> TASK TO CARRY OUT
Exactly the lines from the line containing "Adidas Giacche: Adidas" through the final line of the entries below must be returned, and only those, without pictures.

> INPUT DATA
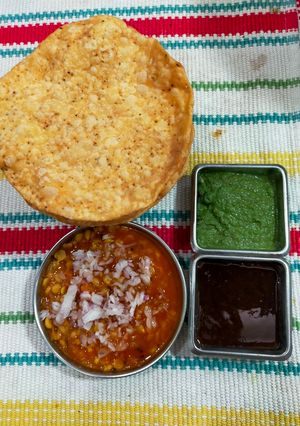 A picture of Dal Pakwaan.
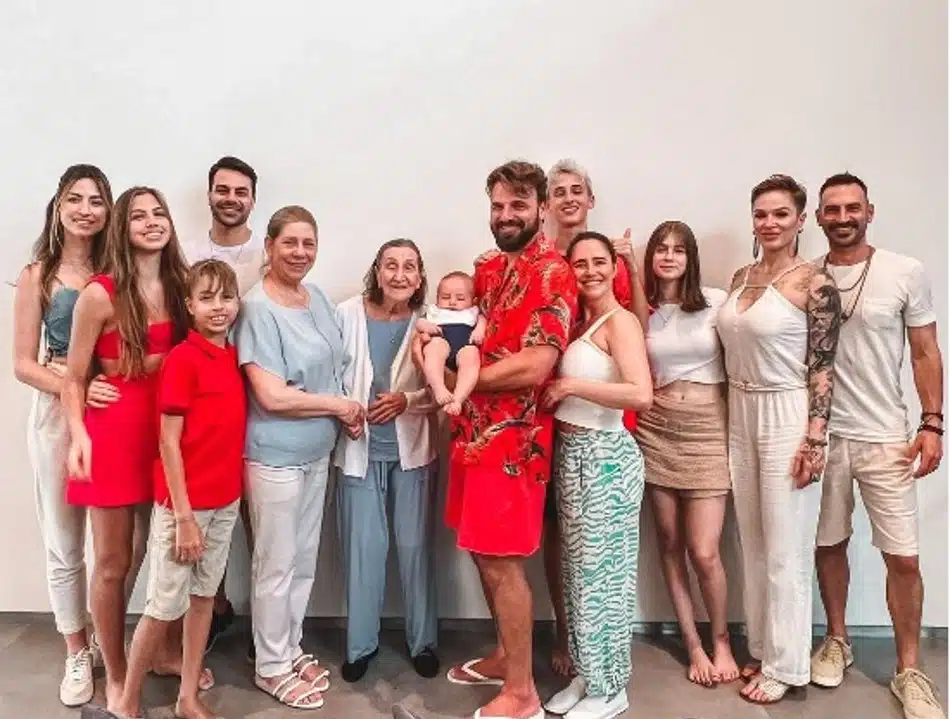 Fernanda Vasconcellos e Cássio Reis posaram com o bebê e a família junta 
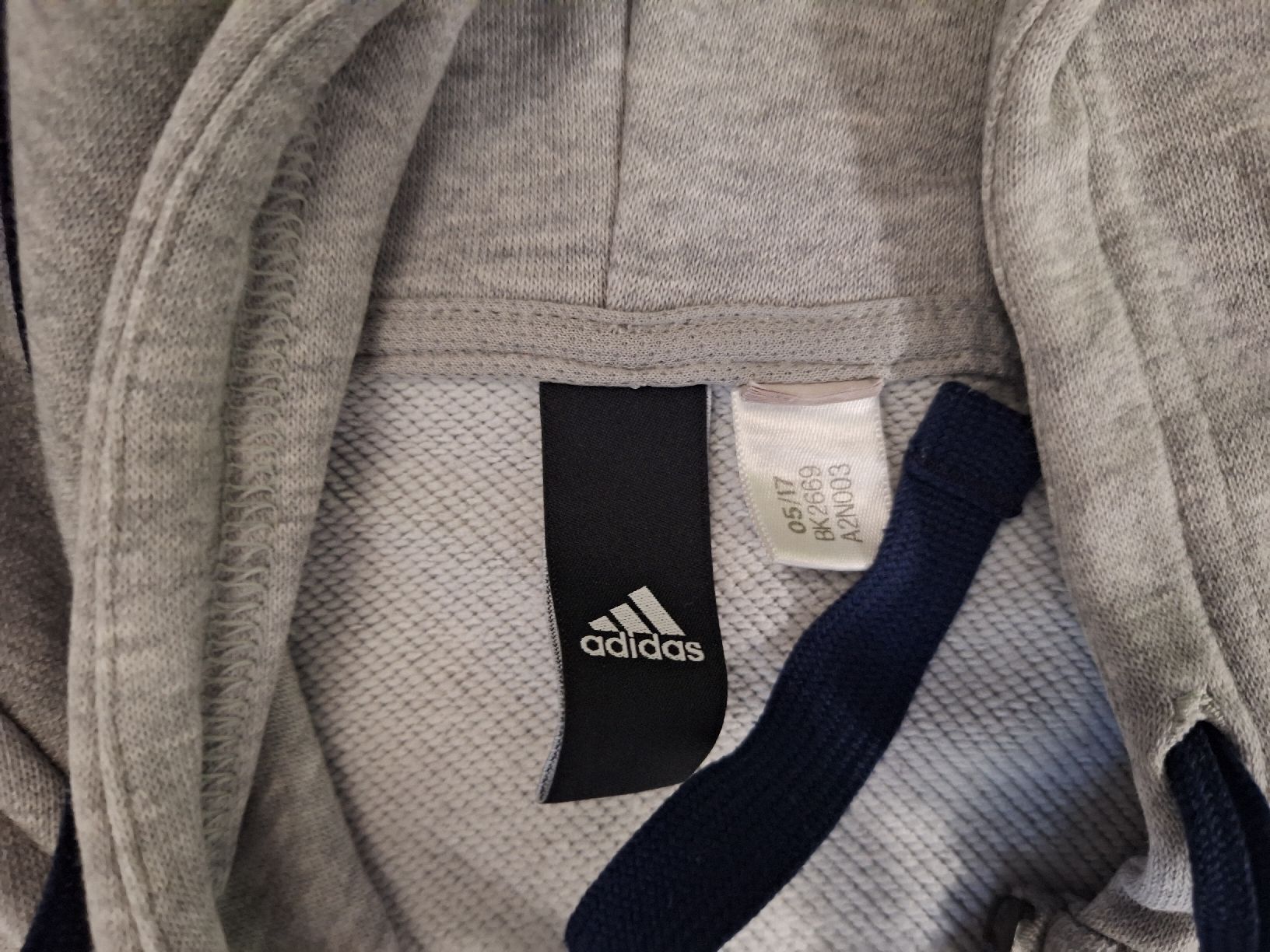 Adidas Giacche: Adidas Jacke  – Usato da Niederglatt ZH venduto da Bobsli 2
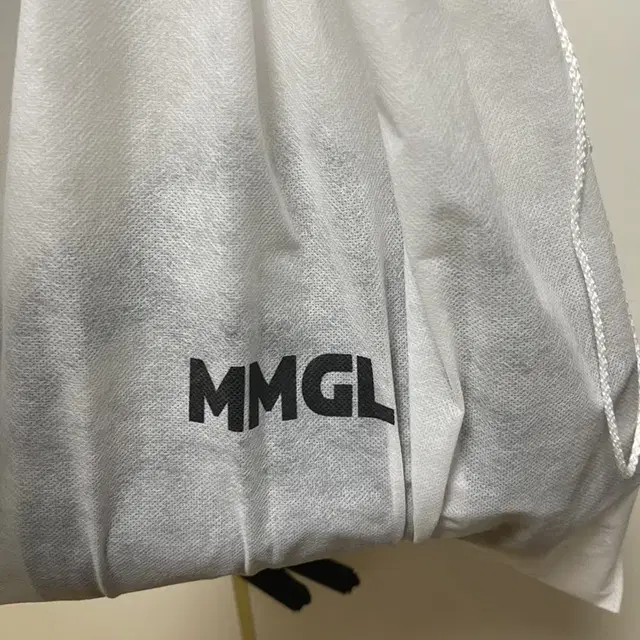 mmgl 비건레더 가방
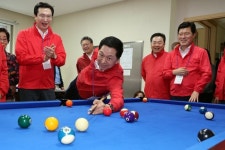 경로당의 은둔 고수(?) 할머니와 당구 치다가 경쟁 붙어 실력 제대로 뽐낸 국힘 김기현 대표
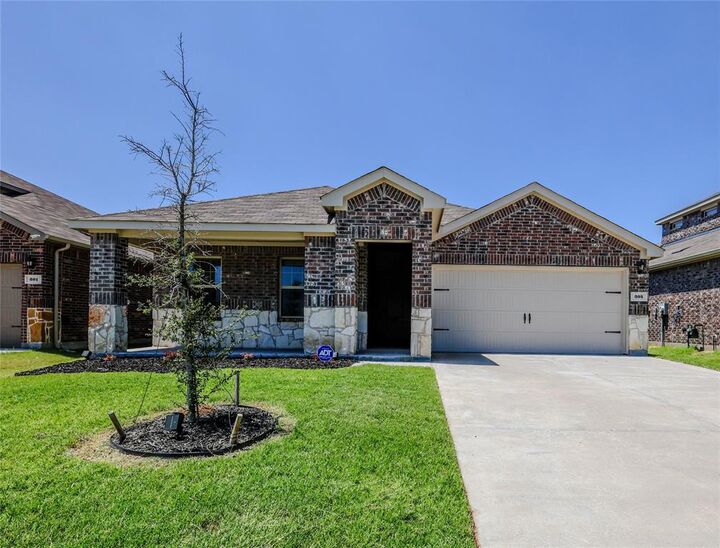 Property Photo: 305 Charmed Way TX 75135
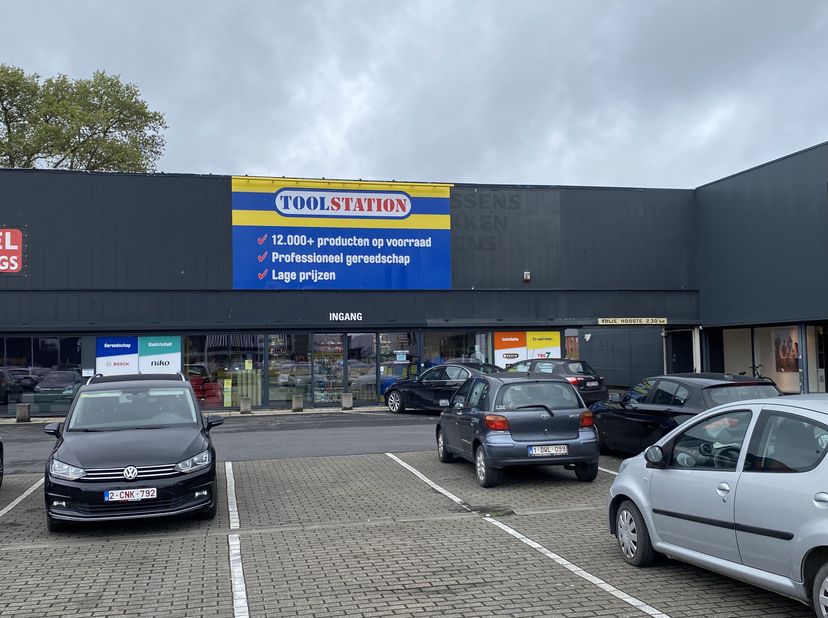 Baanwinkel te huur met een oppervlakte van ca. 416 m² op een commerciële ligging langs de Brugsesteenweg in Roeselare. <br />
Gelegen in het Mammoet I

> ANSWER FOR THE TASK
 Adidas Giacche: Adidas Jacke  – Usato da Niederglatt ZH venduto da Bobsli 2
 mmgl 비건레더 가방
 경로당의 은둔 고수(?) 할머니와 당구 치다가 경쟁 붙어 실력 제대로 뽐낸 국힘 김기현 대표
 Property Photo: 305 Charmed Way TX 75135
 Baanwinkel te huur met een oppervlakte van ca. 416 m² op een commerciële ligging langs de Brugsesteenweg in Roeselare. <br />
Gelegen in het Mammoet I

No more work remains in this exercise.